Um divórcio implica perdas que têm de ser reconhecidas e elaboradas e que podem
ser extremamente dolorosas – por exemplo, o reconhecimento da perda do amor do
parceiro.
O divórcio
obriga também a mudanças de hábitos e ritmos. Veja-se, por exemplo, que a
pessoa pode estar já desabituada de passar um fim-de-semana sozinha. As
mudanças do dia-a-dia podem ser bem notadas e ainda assim haver uma negação do
sofrimento associado a esta experiência.
Se o
indivíduo tiver uma personalidade susceptível para não pensar os lutos, então
ele pode fazer uma fuga à dor incorrendo em comportamentos agidos. Vamos pensar
na hipótese de colmatar um sentimento de vazio com uma sobrecompensação
alimentar ou quando ocorre uma transferência da dependência que o indivíduo
tinha do ex-companheiro para uma substância aditiva, como o alcóol.
Evidentemente, a capacidade de resiliência a este episódio de vida depende de
muitos factores, como seja a capacidade prévia do sujeito para se pensar e o
suporte afectivo percebido.
É sabido que
se o indivíduo tiver uma personalidade depressigena, face à perda do outro –
companheiro e/ou perda da relação com os filhos – então pode estar o cenário
montado para se desenvolver uma depressão. Sabemos que a pessoa com grande dor
interior tende a isolar-se. Esta será precisamente uma atitude a contariar. A
pessoa que sabe reconhecer a necessidade de ajuda é seguramente mais hábil e
está mais armadilhada para enfrentar as adversidades.
Mesmo quando
um dos elementos do casal obtem alívio pelo divórcio – caso em que a pessoa
estava a sentir-se aniquilada pelo companheiro, por exemplo – ainda assim, há um
luto a elaborar que é o do projecto. Vou verificando na clínica que muitas
pessoas divorciadas têm um sentimento que falharam, que não foram capazes de
dar continuidade ao projecto “a dois”. Ora é importante lembrar que as relações
estão em permanente construção e que não devem ser resumidas de forma linear a
um erro ou falha, pois têm toda uma história e são sujeitas a multiplos
factores que se intrinsecam entre eles.
Um erro não
tão invulgar dar-se uma confusão entre divórcio e separação. Vejamos como
correspondem a estados diferentes. Um casal pode estar a viver numa mesma casa
e ainda assim estar separado há muito tempo. É muito frequente constatarmos que
um dos elementos do casal já se sentia separado do outro muito tempo antes de
surgir o divórcio. Há casais que se mantêm juntos porque exercem uma função
parental, mas que deixaram de ser um casal conjugal. Por exemplo, quando o
casal já não tem intimidade e deixou de partilhar o espaço em que os pensamentos
de ambos se encontram e crescem em conjunto. Tantas e tantas vezes, homem e
mulher coabitam o mesmo espaço sem que aconteça um autêntico encontro do Eu de
cada um. Nestes casos, as pessoas acabam por se habituarem a uma certa
distância, deixando mesmo de se conhecerem.
Mas o
contrário também é possível: duas pessoas estarem divorciadas mas não separadas.

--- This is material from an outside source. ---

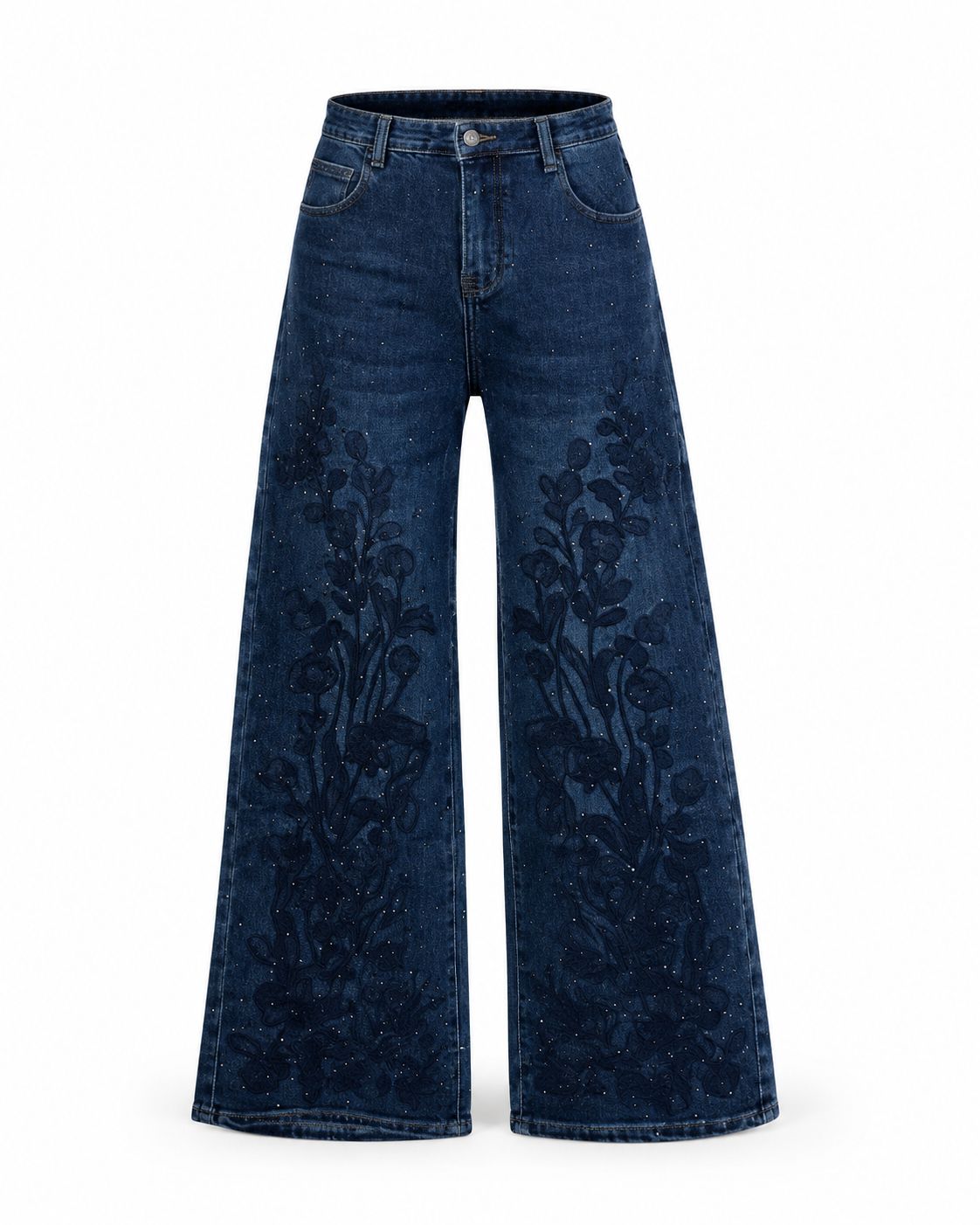Flower Embroidery Rhinestone Jean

Há pessoas que se mantêm ligadas mesmo depois de estar concluído o processo de
divórcio. Isto pode acontecer por uma dificuldade de estar só depois de vários
anos a viver em co-dependência. Isto é nítido nos casos em que uma das pessoas
mantém o controlo da vida da outra, mesmo depois do divórcio. Nessas situações,
há uma das pessoas que está a resistir ao luto, ou seja, ao trabalho de
aceitação da nova realidade. Todos conhecemos casos em que os filhos dos
divorciados são usados como armas de ataque aos ex-parceiros, ora habitualmente
isso resulta de uma negação da nova realidade e, lá está, da negação da perda
de uma vida como ela foi um dia. Isto é muito desgastante para todas as partes.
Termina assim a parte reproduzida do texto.